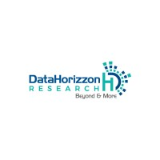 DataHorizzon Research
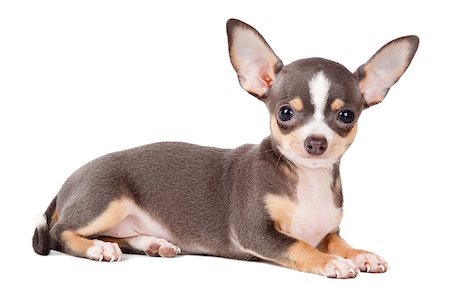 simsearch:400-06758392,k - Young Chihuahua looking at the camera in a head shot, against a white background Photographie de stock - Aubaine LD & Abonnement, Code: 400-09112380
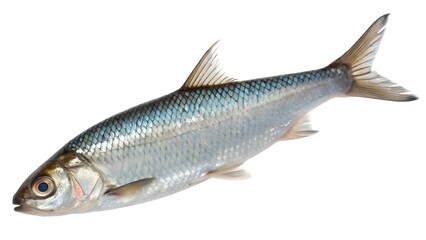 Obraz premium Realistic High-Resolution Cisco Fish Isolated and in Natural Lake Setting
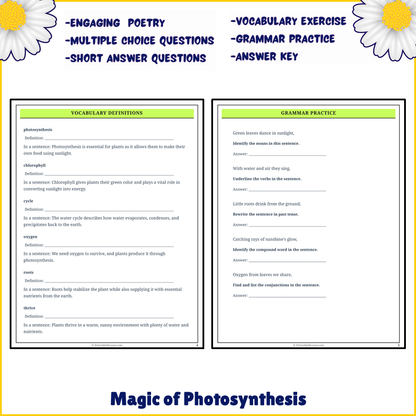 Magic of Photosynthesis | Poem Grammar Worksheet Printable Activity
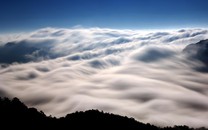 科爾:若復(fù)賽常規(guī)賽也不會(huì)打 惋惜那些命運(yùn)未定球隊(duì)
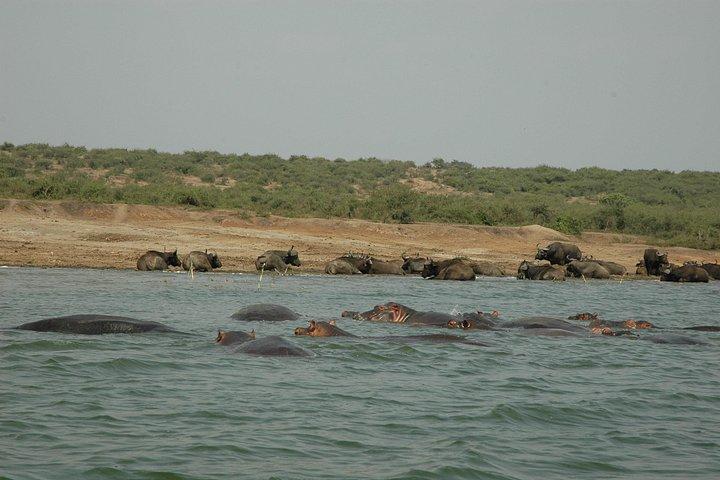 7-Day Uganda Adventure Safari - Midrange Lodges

*PROBLEM DETAILS*: When you copy the entries, keep every word exactly as it stands and drop any pictures.

*RESULT OF THIS EXERCISE*:
 DataHorizzon Research
 simsearch:400-06758392,k - Young Chihuahua looking at the camera in a head shot, against a white background Photographie de stock - Aubaine LD & Abonnement, Code: 400-09112380
 Obraz premium Realistic High-Resolution Cisco Fish Isolated and in Natural Lake Setting
 Magic of Photosynthesis | Poem Grammar Worksheet Printable Activity
 科爾:若復(fù)賽常規(guī)賽也不會(huì)打 惋惜那些命運(yùn)未定球隊(duì)
 7-Day Uganda Adventure Safari - Midrange Lodges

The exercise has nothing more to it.